### WHAT YOU WILL DO
Lines from the one containing "2023 Porsche 911 4 T photo 25" through the last line of the records below are to be repeated exactly.

### DATA PROVIDED
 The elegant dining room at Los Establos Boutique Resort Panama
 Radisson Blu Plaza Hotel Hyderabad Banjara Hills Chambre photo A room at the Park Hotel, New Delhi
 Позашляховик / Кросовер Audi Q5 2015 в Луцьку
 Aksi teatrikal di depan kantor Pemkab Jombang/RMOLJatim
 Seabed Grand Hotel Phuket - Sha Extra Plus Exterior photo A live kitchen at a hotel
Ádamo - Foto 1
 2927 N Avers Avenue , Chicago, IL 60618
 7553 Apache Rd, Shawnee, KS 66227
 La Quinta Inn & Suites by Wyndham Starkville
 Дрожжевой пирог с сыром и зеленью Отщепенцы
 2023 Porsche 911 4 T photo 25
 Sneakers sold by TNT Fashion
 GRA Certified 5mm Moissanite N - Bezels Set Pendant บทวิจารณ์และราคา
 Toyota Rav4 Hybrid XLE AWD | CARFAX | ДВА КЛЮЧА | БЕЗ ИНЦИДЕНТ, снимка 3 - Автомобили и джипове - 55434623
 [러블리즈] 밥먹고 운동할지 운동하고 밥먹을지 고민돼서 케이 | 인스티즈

### WRITTEN RESPONSE
 2023 Porsche 911 4 T photo 25
 Sneakers sold by TNT Fashion
 GRA Certified 5mm Moissanite N - Bezels Set Pendant บทวิจารณ์และราคา
 Toyota Rav4 Hybrid XLE AWD | CARFAX | ДВА КЛЮЧА | БЕЗ ИНЦИДЕНТ, снимка 3 - Автомобили и джипове - 55434623
 [러블리즈] 밥먹고 운동할지 운동하고 밥먹을지 고민돼서 케이 | 인스티즈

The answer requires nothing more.